In OET Writing, examiners do NOT assess only whether your English is “correct.”
What they are evaluating is whether your letter functions as clear, effective medical communication—the kind of document that would be genuinely useful in a real clinical setting.
This distinction is critical. A letter can be grammatically accurate and still fail if it does not meet the practical expectations of professional healthcare writing.
For this reason, OET Writing assessment goes far beyond vocabulary and grammar. It reflects how clinicians actually read and use letters in daily practice.
Examiners look at structure, information selection, clarity, and professional tone because these are the skills required when patient care depends on written communication.
Understanding this perspective helps explain why the assessment criteria are designed the way they are.
The Six Assessment Criteria Used in OET Writing
OET Writing is marked across six official assessment criteria. Each one reflects a different aspect of real-world clinical correspondence.
Rather than viewing them as abstract scoring categories, it is more helpful to see them as practical checkpoints examiners use to judge whether your letter would work in its intended context.

If you want to improve your score, it is essential to understand what examiners are looking for and then apply those expectations consistently when writing your letters.
Key Points for Each Assessment Criterion
1. Purpose — Making the Purpose Clear
The first criterion focuses on whether the purpose of the letter is immediately clear.
The opening paragraph should state why the letter is being written—such as a referral, transfer of care, discharge, or request for assessment.
From the examiner’s perspective, the reader should not need to search for this information. A clear purpose signals that the writer understands professional clinical priorities.
2. Content — Choosing the Right Information
Content assesses what information you include and why. Examiners look for relevance to the reader’s role and responsibilities.
This means selecting details that support clinical decision-making, explaining cause–effect relationships, and providing essential background without overwhelming the reader.
Including too much information can be just as problematic as including too little, because it obscures what truly matters.
3. Conciseness & Clarity — Being Clear and Direct
This criterion focuses on whether your message is easy to follow on first reading.
Examiners expect you to omit information the reader is likely to already know and remove details that do not affect ongoing care.
Case notes should be paraphrased into clear, logical prose, not copied mechanically. Clarity here reflects an understanding of how busy healthcare professionals process information.

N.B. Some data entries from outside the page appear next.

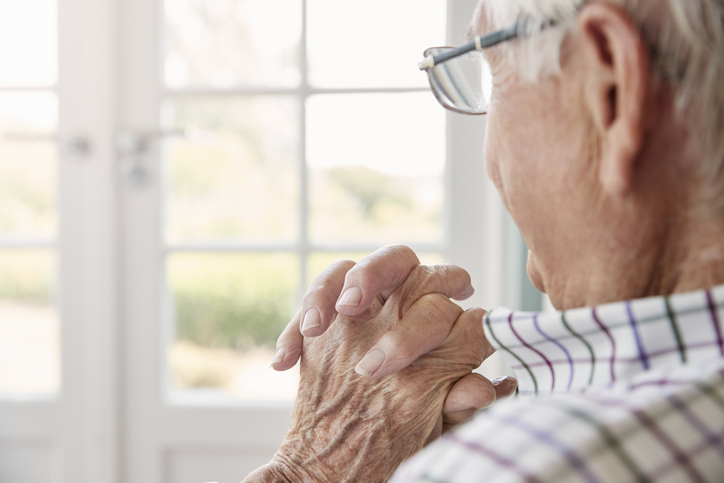 older man sits looking out of window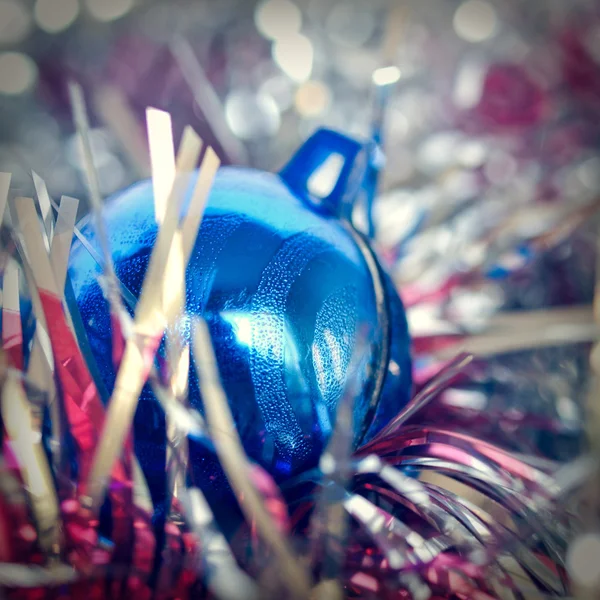 Retro look Bauble and tinsel — Stock Photo, Image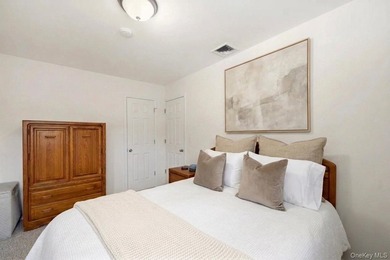 Refined comfort meets effortless Long Island living in this - photo 10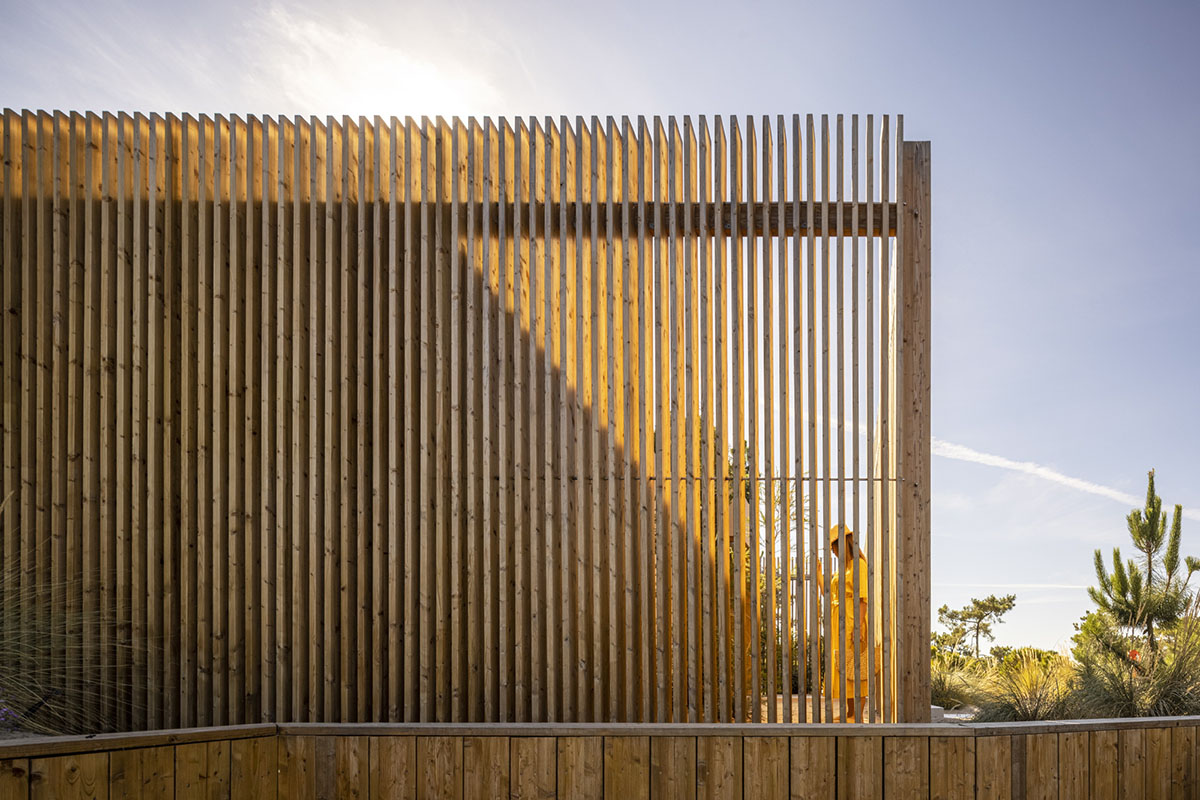 Palisade House is wrapped by a long palisade in fir wood to protect dunes  in Troia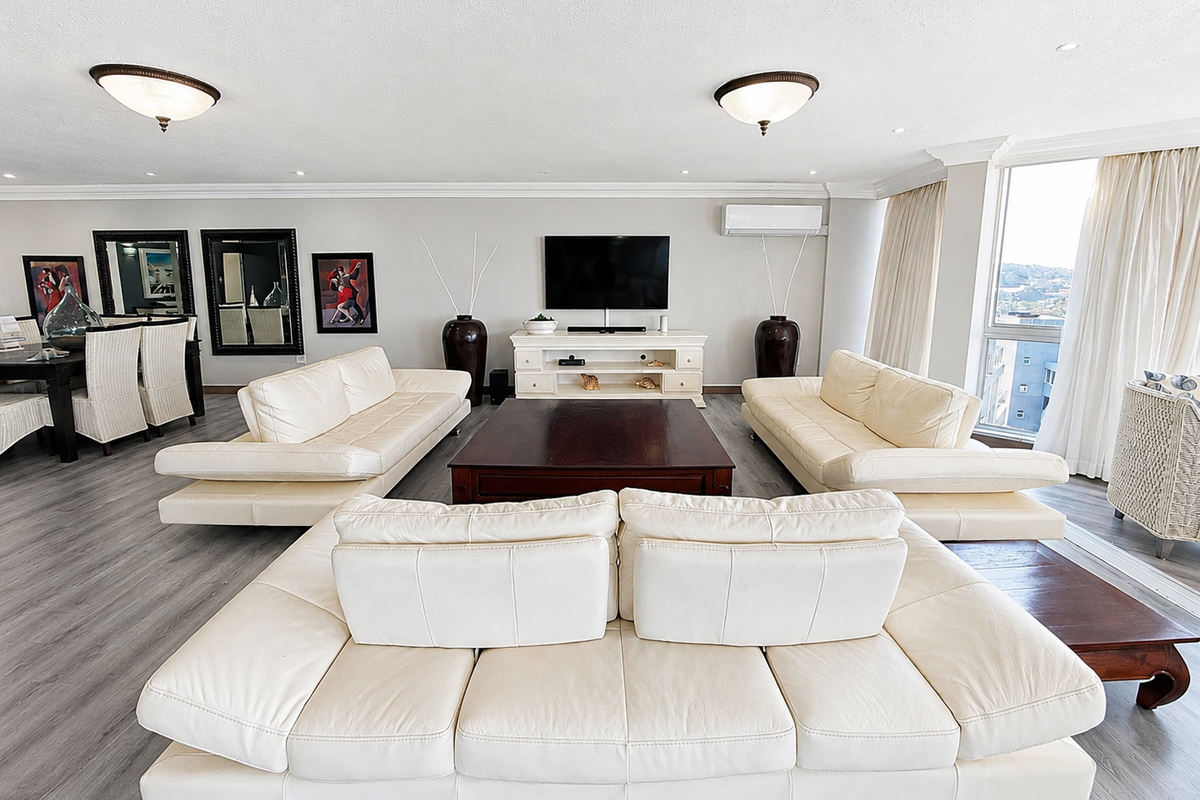 Spacious living room featuring modern laminate flooring, recessed lighting, crown molding, and a wall-mounted air conditioning unit with large windows providing natural light.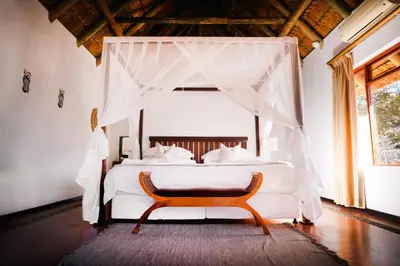 a bedroom with a white bed with a canopy at Shibula Safari Lodge in Welgevonden Game Reserve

4. Genre & Style — Using an Appropriate Professional Tone
Genre and style evaluate whether your writing matches accepted medical communication conventions. A formal, professional tone is required throughout. This includes using correct titles, clearly identifying the reader’s role, and avoiding casual language or question-style sentences. Referring to the individual as “the patient” rather than by name reflects standard professional distance and documentation norms.
5. Organisation & Layout — Structuring the Letter Clearly
Organisation and layout assess how easily the reader can navigate your letter.
Each paragraph should have a clear focus, and information should follow a logical sequence, often reflecting time or clinical progression.
Linking words help guide the reader through your reasoning, while spacing between paragraphs improves readability. This criterion recognises that visual clarity supports clinical safety.
6. Language — Vocabulary and Grammar Accuracy
Language accuracy covers grammar, vocabulary choice, and sentence control.
Examiners look for variety without unnecessary complexity. Long sentences that require rereading reduce clarity, even if they are technically correct.
Attention to articles, pronouns, and verb tenses is essential because small errors can affect meaning in clinical contexts.
Understanding the Pass Requirement
To pass OET Writing, candidates generally need at least 2 out of 3 for Purpose and 5 or above for each of the other criteria.
Among these, Content and Language tend to be more challenging because they require independent judgement—deciding what matters and expressing it accurately.
In contrast, Conciseness & Clarity, Genre & Style, and Organisation & Layout often improve more quickly when candidates begin writing within established, reliable structures.
How to Study: Build the Structure First, Then Improve Accuracy
An efficient approach to OET Writing preparation is to build structural control first.
This means learning the standard components of an OET letter, practising consistent paragraph patterns, and developing a clear sense of information priority.
Once structure is stable, attention can shift to refining grammar, word choice, and precision.
In OET Writing, success does not come from developing a personal writing style. It comes from aligning your writing with professional expectations, then steadily improving accuracy within those frameworks.
Over time, this approach leads to letters that meet the assessment criteria naturally—without conscious checklist thinking—because they reflect how effective medical communication actually works.